The father of fugitive U.S. intelligence-program leaker Edward Snowden says the U.S. Federal Bureau of Investigations (FBI) asked him "a few weeks ago" to go to Moscow where his son has been living at the international airport.
Lonnie Snowden told state-owned Rossia 24 television on July 31 he was willing to go, but that he would first like to know what the FBI wanted him to do.
"[For me] to be an emotional tool for the FBI to use against my son -- to say, 'Your father's out on the aircraft, why don't you come talk to him' -- I wasn't interested in that. I wanted to make sure there was value to my son," the elder Snowden said.
Edward Snowden, 30, faces U.S. espionage charges for revealing large-scale Internet- and phone-surveillance programs.
His father said he should stay in Russia because he won't get a fair trial in the United States. He said he was grateful to President Vladimir Putin for keeping his son safe.
"I am sincerely thankful, and I believe this from my heart that Russia is the safest place for my son. And the fact is, that if he chooses to spend the rest of his life there, I'm comfortable with that," Snowden's father said.
"And he may choose to do that, very well may choose to do that. That's OK. So if that's where he's happy, I'm happy for him."
Still Awaiting Decision
The Russian lawyer helping Edward Snowden, Anatoly Kucherena, told Russian media on July 31 that he was arranging for Snowden's father to visit Russia.
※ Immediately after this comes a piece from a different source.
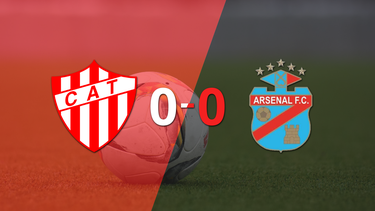 Talleres (RE) y Arsenal igualaron sin goles en el marcador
Edward Snowden has applied for temporary asylum in Russia, after U.S. authorities revoked his passport.
ITAR-TASS has quoted the head of Russia's Federal Migration Service, Konstantin Romodanovsky, as saying the agency had not yet processed the initial stage of Snowden's application. Romodanovsky said the process could take up to three months.
Meanwhile, "The Guardian" newspaper on July 31 published a new report on U.S. intelligence-gathering based on information provided by Snowden.
Kucherena said the information was provided to "The Guardian" before Snowden pledged to stop revealing secret U.S. intelligence.